Une photo, quelques mots avec Leiloona
Les semaines passent à une allure de TGV
Leiloona nous invite à écrire une histoire sur une nouvelle photo
de Romaric Cazaux
Il s'appelle Sylvain. Il est fou de piano. Il en joue pour le plaisir et anime des soirées privées et des piano-bars, mais sa passion ne lui permet pas d'en vivre.
Là s'arrête la réalité.
Ce qui suit est une petite musique qui a trotté dans mon imagination.
Sylvain participe à la Fête de la musique, chaque 21 juin. Souvent, le ciel boude et la pluie commence à tomber en fin de journée. Il est trop tard pour renoncer. Un seul souci, son piano n'aime pas l'eau.
Il se souvient encore du 21 juin 2010. Il devait jouer dans le Vieux Lyon, devant le Café-Epicerie de la Cour des Loges. Un vrai challenge qui aurait pu lui permettre de quitter son emploi de chauffeur. Bien sûr, il n'était pas routier et le véhicule avec lequel il conduisait des élus à longueur de temps était confortable, mais ses horaires et les réductions budgétaires étaient incompatibles.
Il était à peine installé quand les premières gouttes ont commencé à faire des claquettes sur les touches de son piano. La bâche du restaurant a vite été déroulée pour le protéger. Mais l'humidité qui allait s'installer au cours de la soirée se montrerait une ennemie redoutable pour le bois délicat des touches.
Il connaissait par coeur ce répertoire qu'il offrait à ceux qui venaient l'écouter. Les partitions resteraient à l'abri. D'ailleurs, ce temps allait très vite décourager les Lyonnais plutôt casaniers.

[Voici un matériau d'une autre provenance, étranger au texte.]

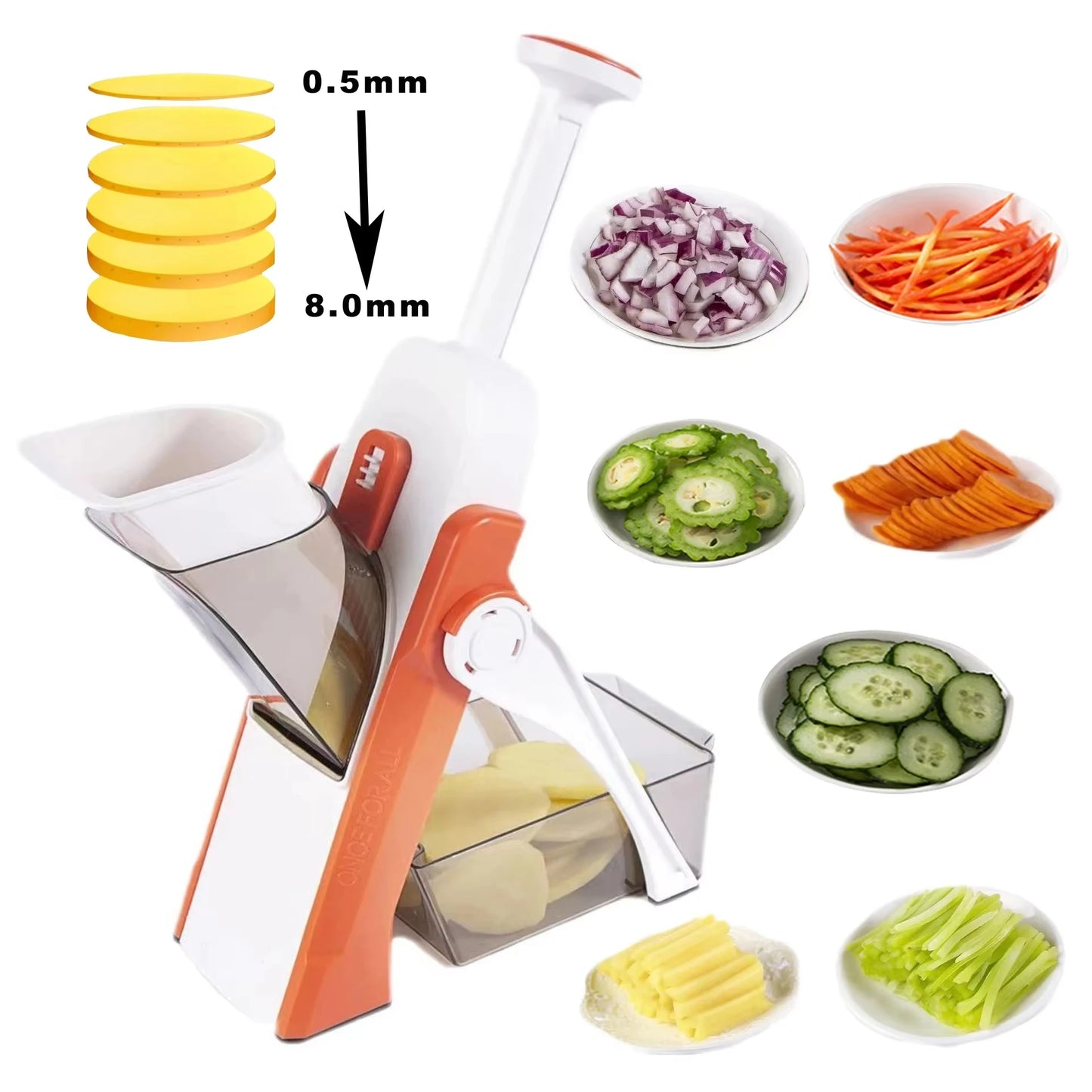 Purilite Select 5-in-1 Multifunction Vegetable Cutter Grater Slicer and Dicer Kitchen Food Preparation Tool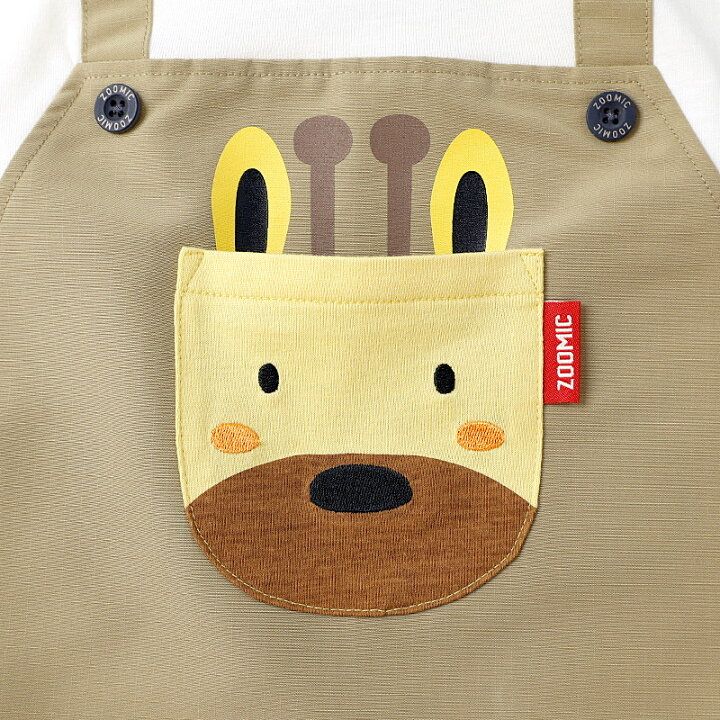🇯🇵預訂 日本直送🇯🇵Zoomic兩色動物口袋前後印花吊帶短袖T恤
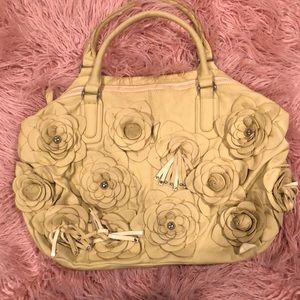 Cream floral bag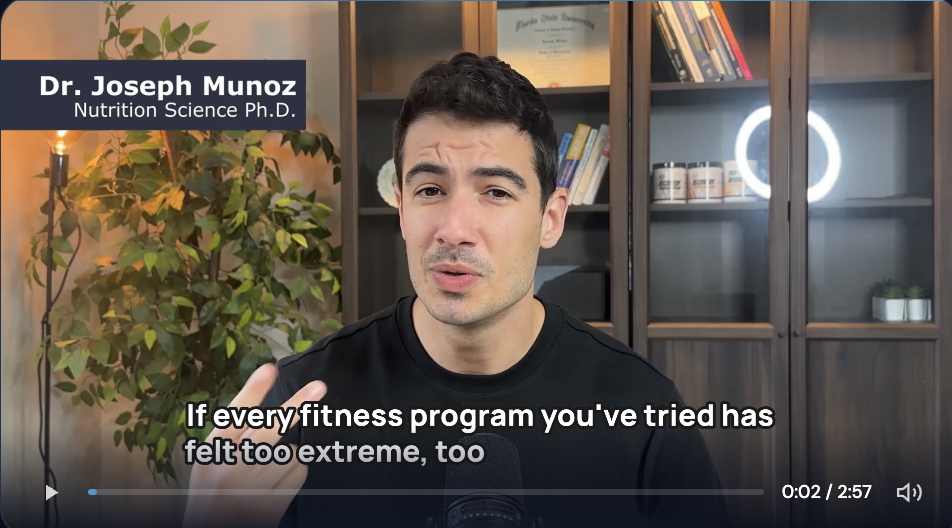 Dr. Joseph Munoz, Nutrition Science Ph.D., introducing the Lean & Strong 21-Day Challenge
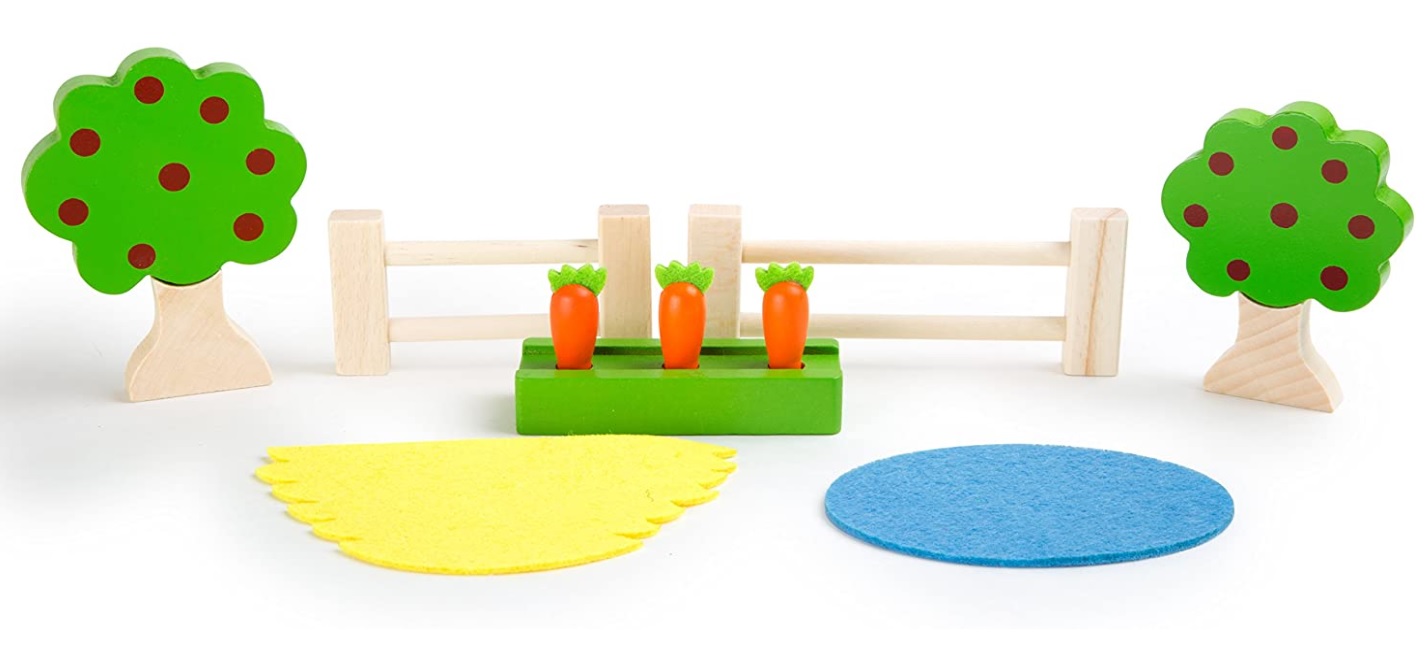 Small Foot 10124 Drewniany zestaw do zabawy w gospodarstwo - obrazek 6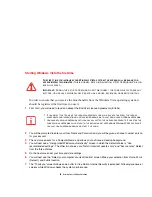 Preview for 61 page of Fujitsu Lifebook E8410 User Manual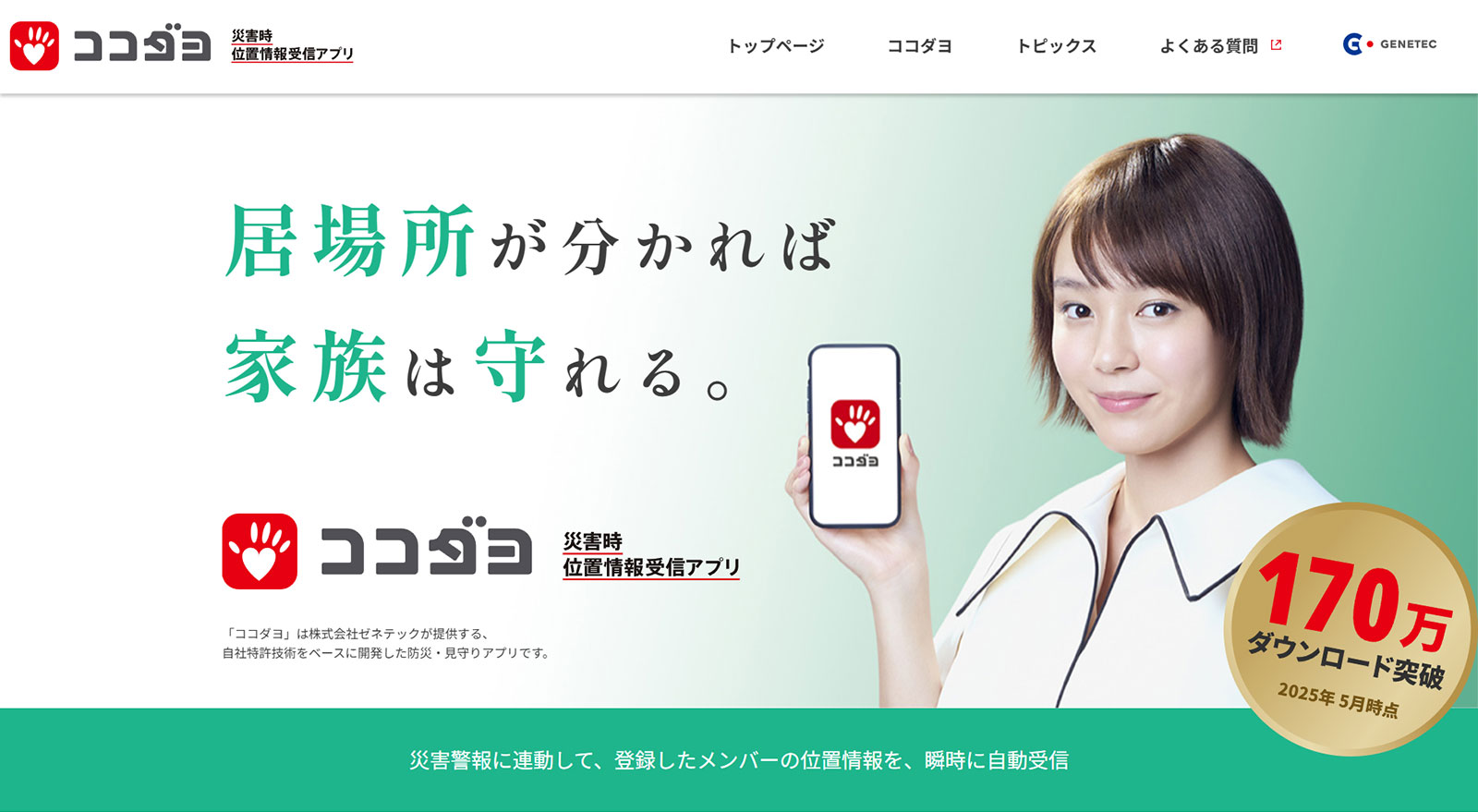 ココダヨ公式Webサイト
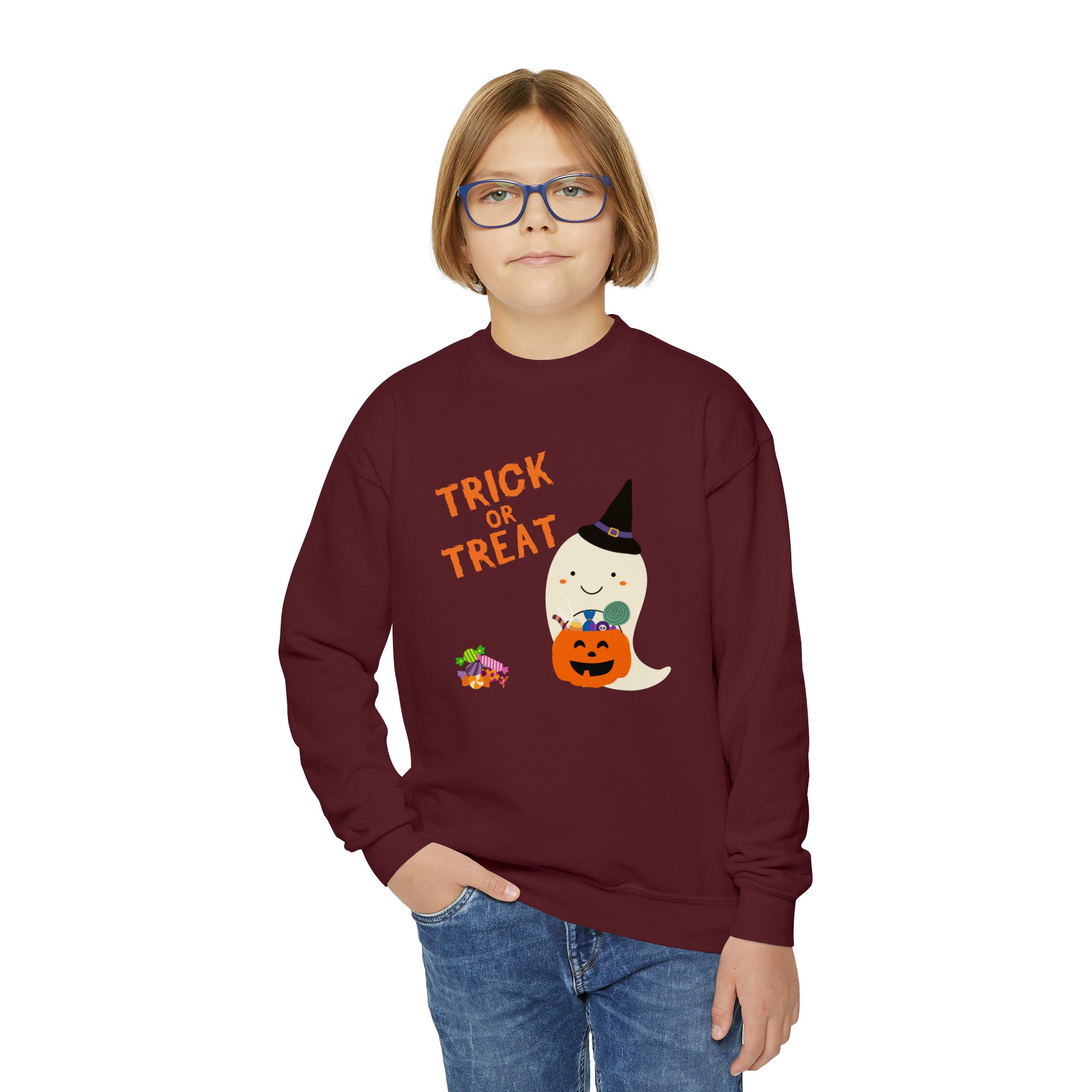 Trick or Treat Youth Crewneck Sweatshirt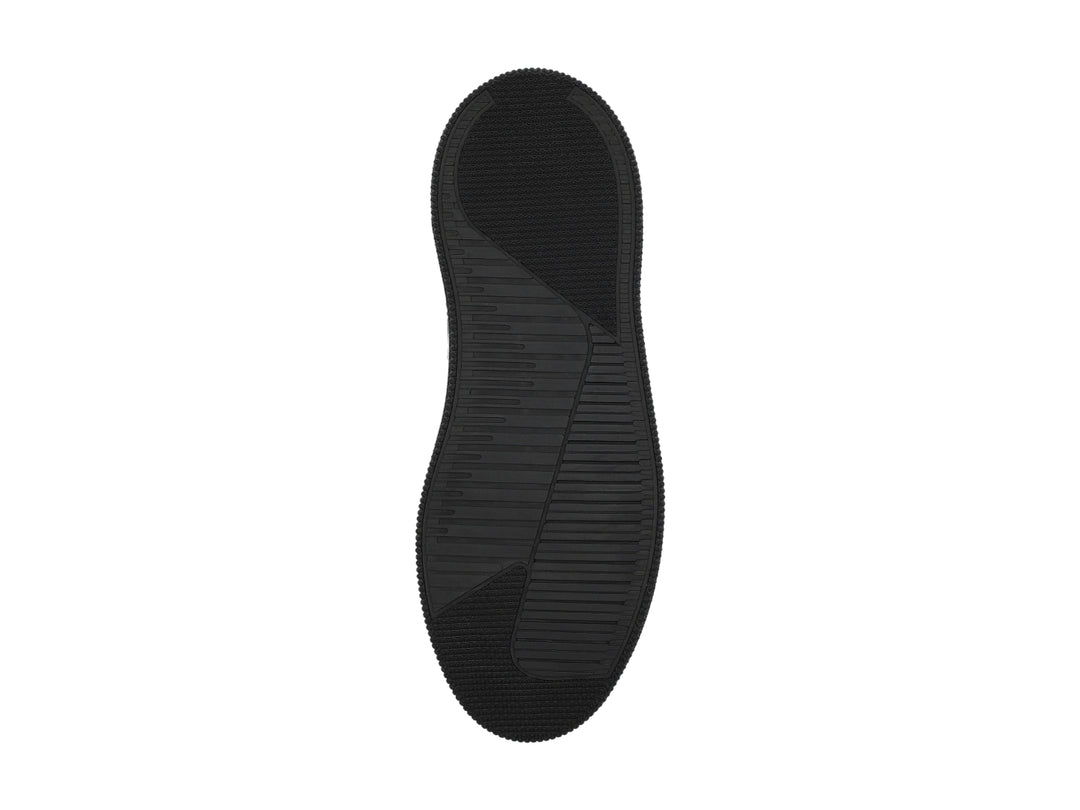 Tenis Guess blancos con detalles en negro y rojo, diseño deportivo.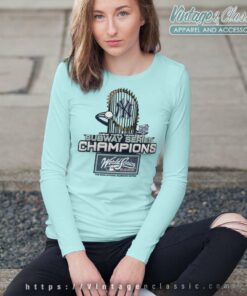 2000 New York Yankees Subway Series Champion World Series Long Sleeve Tee
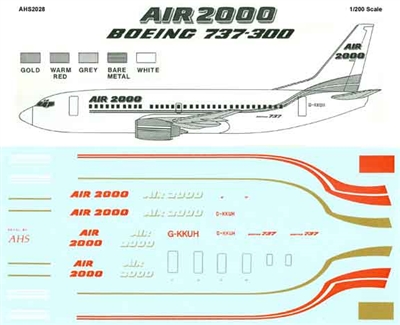 1:200 Air 2000 Boeing 737-300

Il n'avait pas remarqué la petite fille, adossée à un arbre sur la petite place, qui regardait ses doigts danser sur son clavier. La nuit était tombée, il ne s'en n'était pas aperçu non plus, et les pavés luisaient en projetant les lumières de la ville. Piquée là, toute seule, la fillette restait immobile et silencieuse. Puis elle osa s'approcher plus près, tout près, et d'une toute petite voix lui demanda s'il pouvait jouer "l'eau vive" que lui avait appris sa Grand-mère juste avant de tomber très malade.
Sylvain connaissait la chanson de Béart. Il l'a jouait avec sa Maman quand il était petit. Il installa la petite fille à ses côtés. Aux premières note, l'enfant se mit à chanter. Les passants s'étaient arrêtés et les entouraient. Tous applaudirent. Alors, la gamine, sans un mot, poussa doucement Sylvain et s'empara du clavier.
En septembre suivant, Sylvain signa un contrat avec l'Hôtel sélect de La Cour des Loges pour les apéritifs-concerts du week-end.